Superfluous code and robustness issues in loess.js?

jheer opened this issue · 1 comments

jheer commented

Thank you for this library! We're evaluating it for use within the Vega project. When reviewing the loess code I noticed this block:

finiteReal(xval);
finiteReal(yval);
finiteReal(weights);
strictlyIncreasing(xval);

These functions do not manipulate the data (no side effects) and each returns a boolean value that is never read. So as far as I can tell they have no effect whatsoever. (They seemed to have been copied more-or-less verbatim from science.js?) Should loess throw an error if the finite checks for x or y fail? I'm assuming so, though a (default?) option to drop invalid values might be nicer.

The weights vector is initialized to all ones in the previous step, so I don't see why that would need to be checked. Moreover, the weights array is never updated. It looks like the original implementation from science.js could accept an external weight vector; however, in this library (at the moment) the array is really just eating up some memory as the weights are only ever one.

I've also noticed degenerate output (including repeated x values in the output trend line) when using input data in which the x values are not strictly increasing. The current code checks for this, but the result of that check is ignored. While one could modify the code to raise an error, it would be nicer to have a loess method that permits multiple samples at the same x value.

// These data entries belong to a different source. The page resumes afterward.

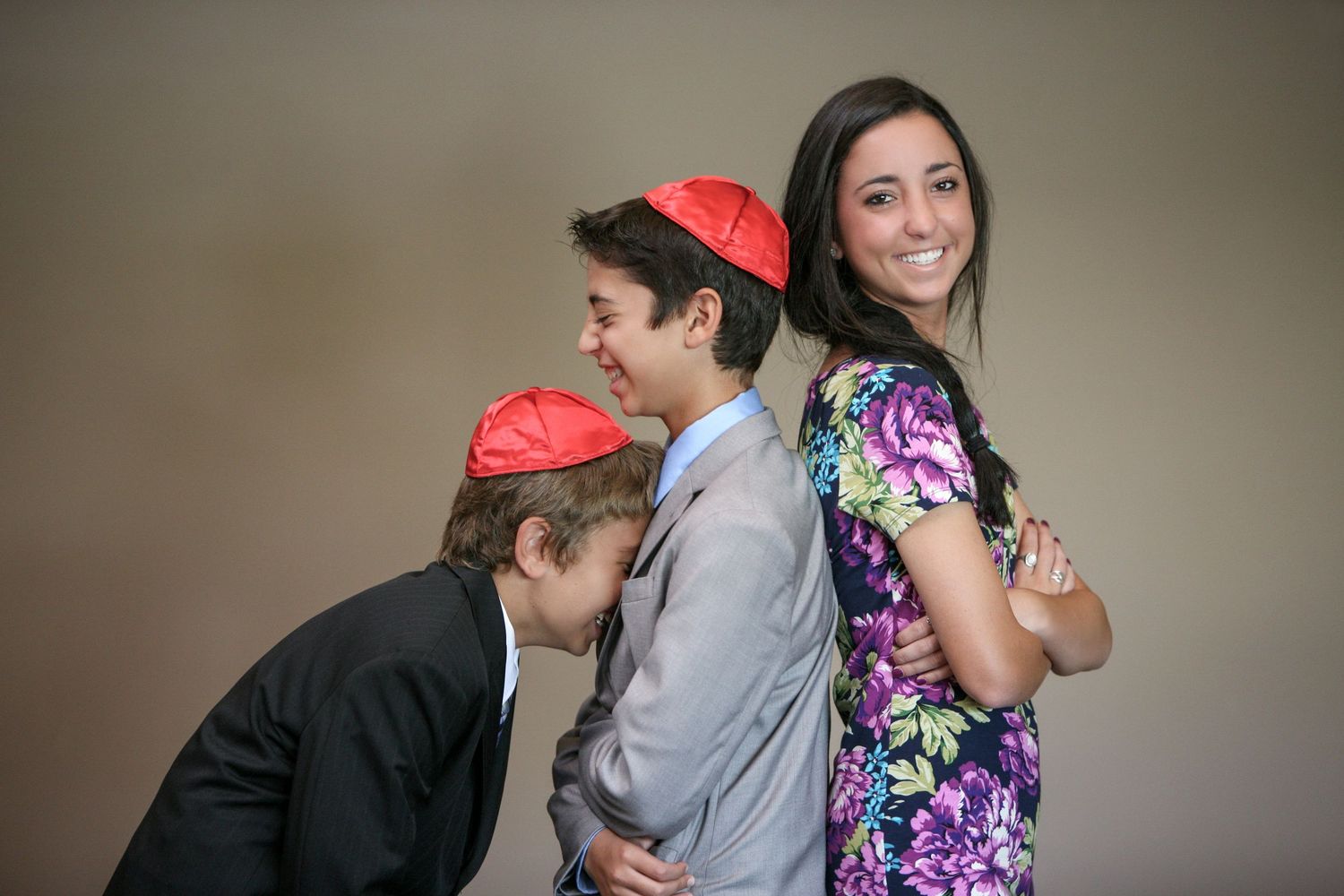 Two boys wearing red kippot pose with a smiling young woman in a floral dress for a formal portrait.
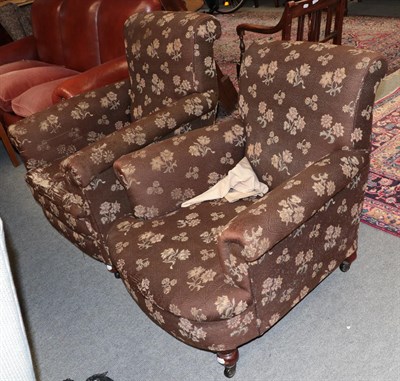 Lot 462 - A pair of mahogany framed armchairs upholstered in brown floral fabric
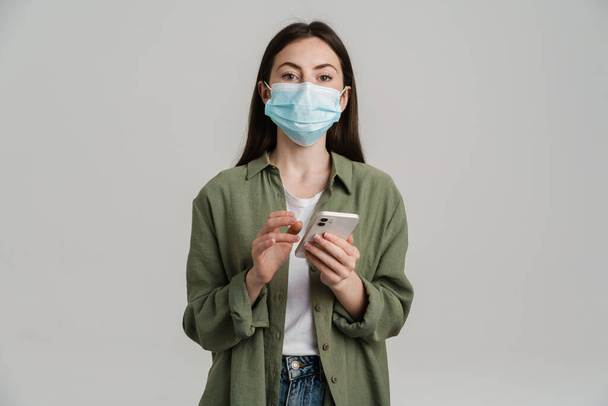 Positive young white woman wearing protective medical mask hoding mobile phone standing over gray wall - Foto, Imagen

One straightforward approach to the duplicated x-value issue might be to consolidate repeated points by taking the average y-value for each repeated x-value and setting the weight to the number of points in that "bin". However, I'd need to do some more work to suss out if this actually a reasonable thing to do from a statistical perspective. UPDATE: This approach would greatly affect the local regression neighborhood determination; an alternative approach is needed.

Hope this is helpful!

Thanks for taking a closer look at this and for the excellent pull request. As you correctly observed, my version was copied pretty much verbatim from science.js (except that it accepts an array of objects as its input and provides x- and y-accessors). All of your changes make sense to me, so I merged them unaltered. I also think it would make sense to use twoone of your ideas in all the other methods, namely: 1) clone the input array so it doesn't get modified, and 2) remove invalid input values. I'll be implementing thosethat shortly.